Sri Lanka- Speaking for the Dead


(MENAFN- Colombo Gazette) strong> By N Sathiya Moorthy

Shanakiyan Ragul Rajaputhiran Rasamanickam is tongue-twister of a Tamil name for the average Sinhala on the streets to pronounce, leave aside their occasional proud statements, how they could not pronounce any of those Tamil names. But cut short to Shanakiyan, the Batticaloa TNA parliamentarian's name seems to be in the mouth of every Sinhala politician and possibly media-watchers, too, after his powerful speech in the House, the other day.

The trilingual grandson of Federal Party MP, the late S M Rasamanickam, 30-year-old Shanakiyan may have taken his name from the third century BCE Indian strategist-thinker Chanakya, who was Machiavelli and Sun Tzu rolled into one.
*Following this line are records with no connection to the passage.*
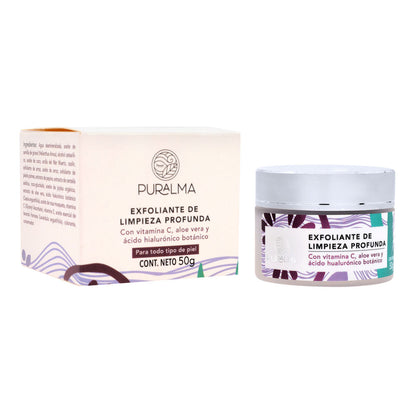 Exfoliante de aloe vera - Puralma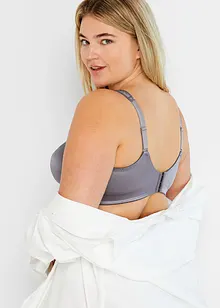 Avlastnings-BH uten spiler med vatterte stropper (2-pack), bonprix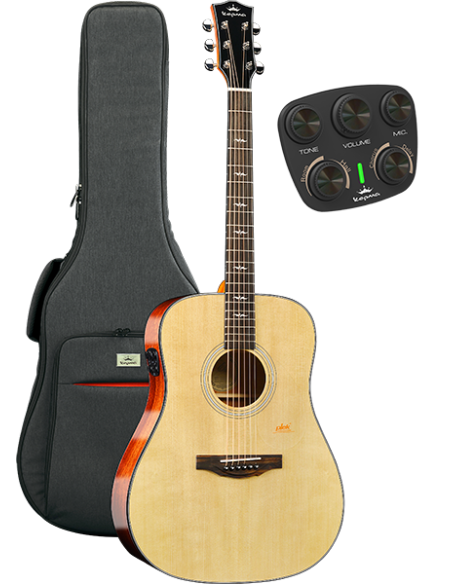 Kepma F1E Dreadnought Natural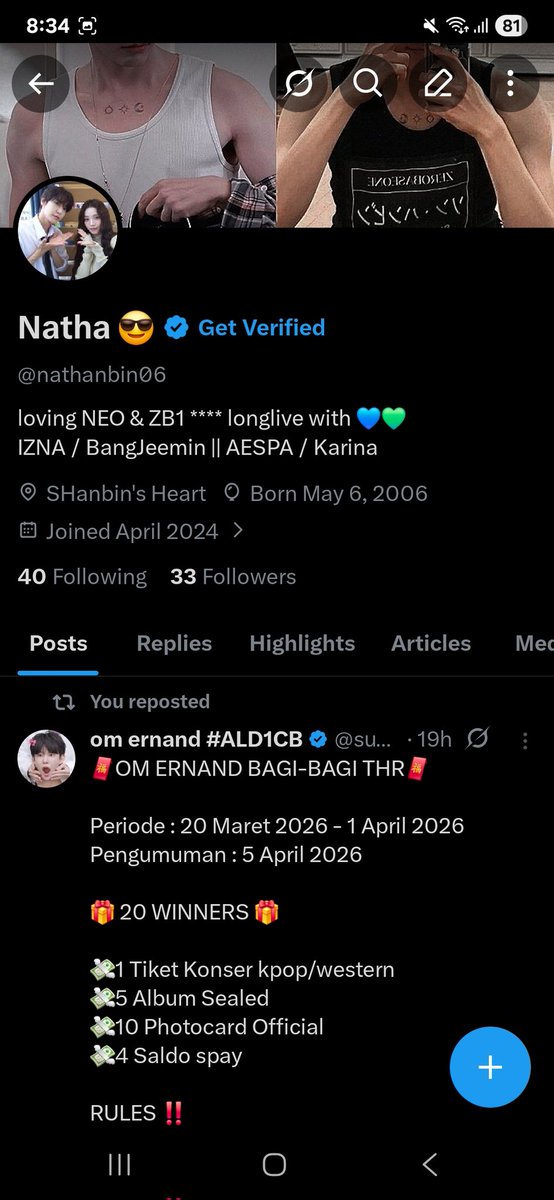 Natha 😎 tweet media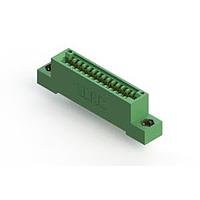 EDAC 845-014-500-108 Standard Card Edge Connectors .100" (2.54mm) Pitch Card Edge Connector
Thankfully, Chanakya belonged to North India, from where Buddhism, too, came to Sri Lanka – and not 'South India', as they still want to know southern State of Tamil Nadu, which Sinhala-Buddhist nationalists still love to despise.

In his powerful parliamentary speech, Shanakiyan did blame the Government of President Gotabaya Rajapaksa, as any minor ity politician is wont to do. But he went much farther, in his readiness to accept Government failures, if any, in Covid management, which after all was a global pandemic – as he said it. His problem was instead with what he said was the Government's efforts at covering up its 'inabilities' on the Covid front, by targeting the minorities, rather dead minorities.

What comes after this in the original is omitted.